La fiaba, quindi, si impone nella scuola e nelle attività educative extrascolastiche (con la funzione metonimica di pars pro toto) come attività concreta, sia per la tradizione orale sia per l’azione del raccontare, basata sul binomio «corpo-memoria», come scrive Lorenzoni, e registra gli apporti degli studi in direzione della narrazione come performance, che tradurrà in laboratori teatrali ed espressivi.
Tra gli anni Cinquanta e Settanta, quindi, la tradizione del racconto orale registrò una dislocazione evidente, tanto macroscopica da far pensare alla sua scomparsa. Si disarticolarono gli equilibri tra filiera di competenze e gamma delle condizioni (o contesti), che di fatto storicamente avevano consentito la realizzazione delle performance narrative.
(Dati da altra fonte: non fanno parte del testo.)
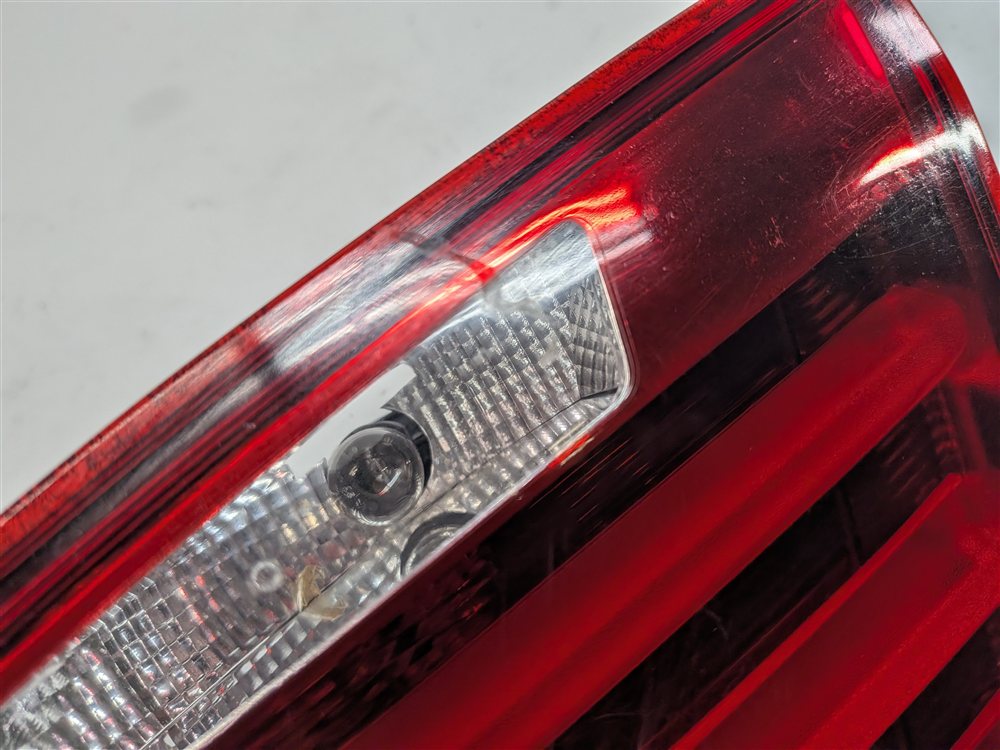 Thumbnail 11: 11-13 BMW 528i 535i 550i M5 (F10) REAR RIGHT PASSENGER INNER TRUNK TAILLIGHT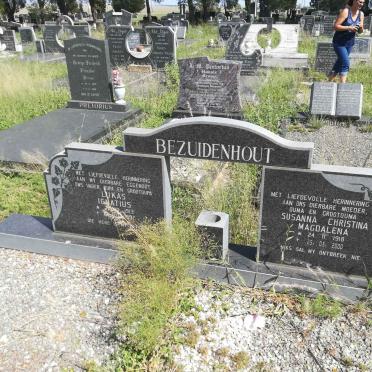 BEZUIDENHOUT Lukas Ignatius 1913-1991 &amp; Susanna Christina Magdalena 1918-2000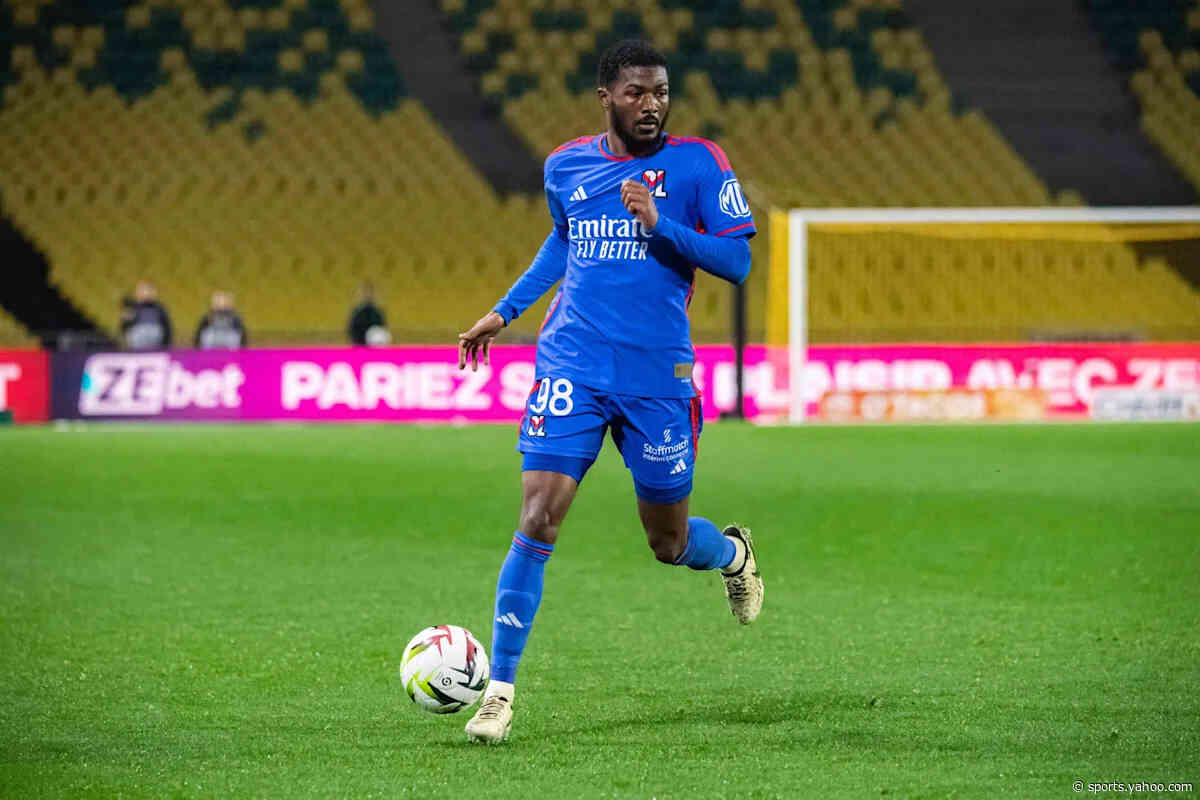 Crystal Palace Consider Lyon Deal as Contract Situation Opens Door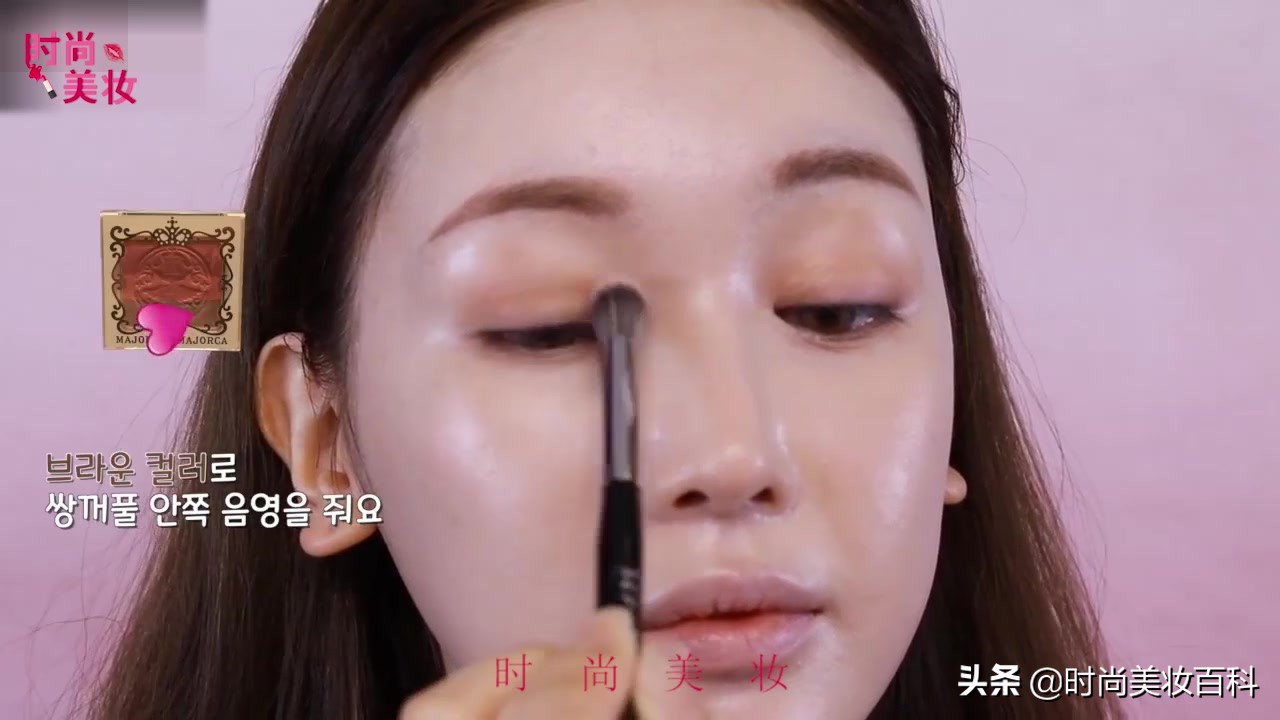 化妆教程日常妆精致黑眼圈很深,时尚化妆妆面造型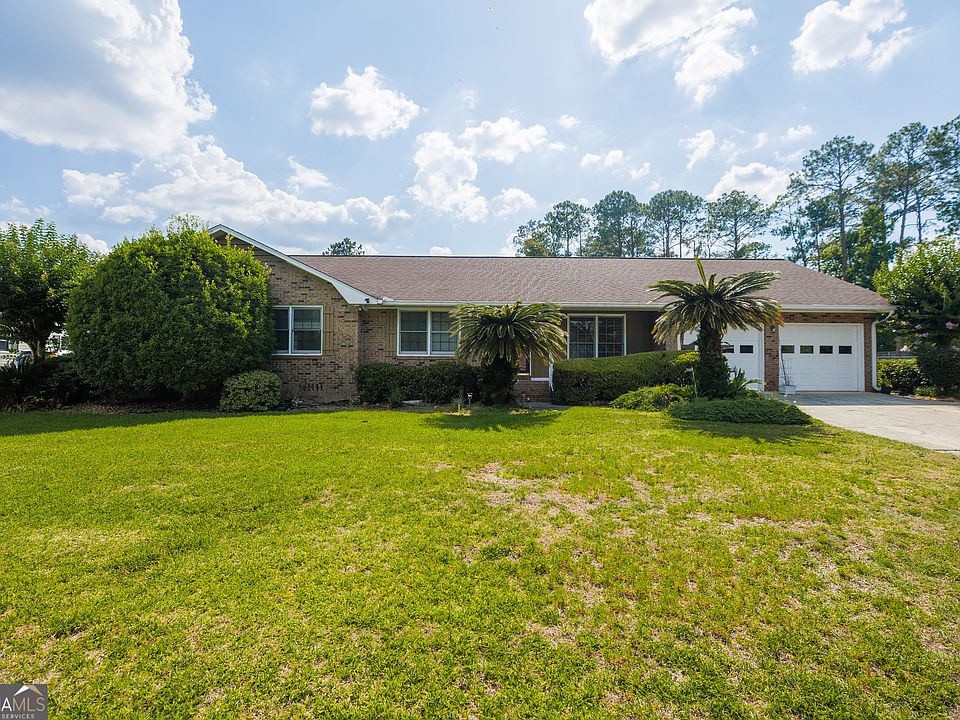 1st image of 2243 Oakgrove Cir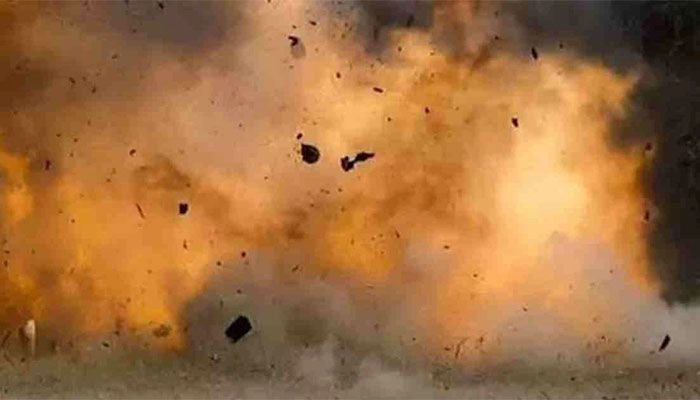 3 Wounded in Khulna Bomb Attack   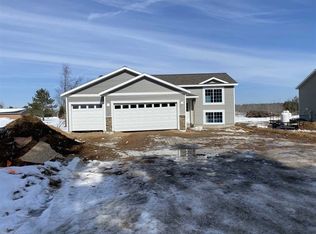 933 Edgewood Ave, Edgar, WI 54426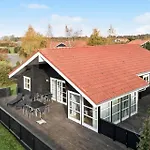 M12024-vaeggerlose-marielyst-strandpark-38 Bøtø By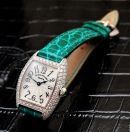 Franck Muller, Lady's mini "Cintree Curvex" Ref.2500QZ D in 18KWG with Diamonds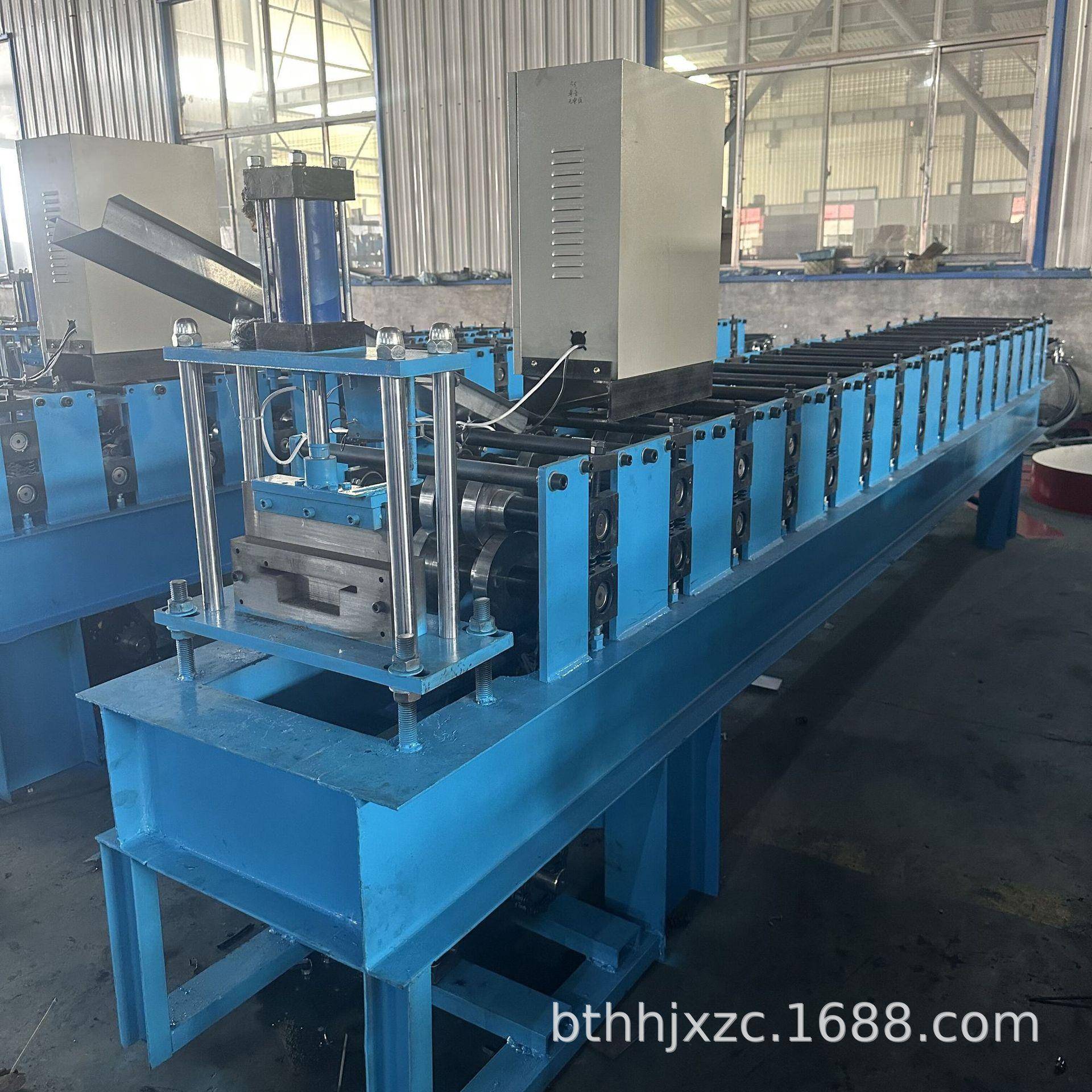 光伏m型水槽光伏水槽机C型钢货架立柱镀锌带几字型钢大水槽机器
I contesti della tradizione di lungo periodo, quelli che si realizzavano entro gli spazi domestici o di vicinato, governati da regole di ospitalità reciproca, inquadrati in cornici temporali qualitativamente differenziate, determinate dal calendario contadino o agropastorale (inverno ed estate, buio e giorno, caldo e freddo), si dileguarono con la scomparsa più o meno repentina di interi sistemi produttivi (la dissolvenza della mezzadria) o con la fuga di segmenti di popolazioni (le generazioni intermedie che emigravano e si inurbavano). Alla loro dipartita conseguiva la perdita del ruolo strategico che quelle persone avevano esercitato nella trasmissione orale delle tradizioni legate al loro vissuto. Ai filò, alle veglie, ai curtigghi, a questi luoghi marcati dalla presenza di più generi e di più generazioni (uomini e donne, vecchi, giovani e ragazzi) si sostituirono pratiche di socialità distinte e maggiormente selettive: nei quartieri dell’inurbamento, o anche nelle campagne rese transitabili dalla diffusione dei mezzi a motore, i bar, i circoli dell’Ente nazionale associazione lavoratori (ENAL) o delle Associazioni cristiane lavoratori italiani (ACLI), le botteghe plurifunzionali (le cosiddette privative o appalti) ospitarono una popolazione sempre più marcatamente maschile, liberata dalle frange estreme – i più anziani e i bambini – che potè sviluppare pratiche di intrattenimento più mirate (il gioco a carte, per es.) e orientarsi su una gamma più ristretta di discorsi – fattori che comportarono una diminuzione delle opportunità e la conseguente scomparsa di molti generi narrativi, presenti invece nei contesti di tipo tradizionale. Le altre componenti familiari, inclusa solitamente la parte femminile, si adattarono a situazioni residuali (‘stare a veglia’ senza gli uomini che, pur giocando a carte, erano presenti con bestemmie, commenti, battute) e finirono per essere assorbite dal fenomeno televisivo, non appena il mezzo tecnico diventò accessibile anche alle fasce più povere della popolazione. Nello stesso periodo, inoltre, cominciò a profilarsi l’altra distinzione, quella generazionale, che vide costituirsi luoghi e pratiche di socialità specifiche per i giovani: uno dei veri e propri prodotti del dopoguerra, presupposto in una propria inedita alterità – in opposizione ai cosiddetti ‘matusa’ – e assegnatario di obblighi di modernizzazione, di felicità, di realizzazione nelle pratiche di consumo.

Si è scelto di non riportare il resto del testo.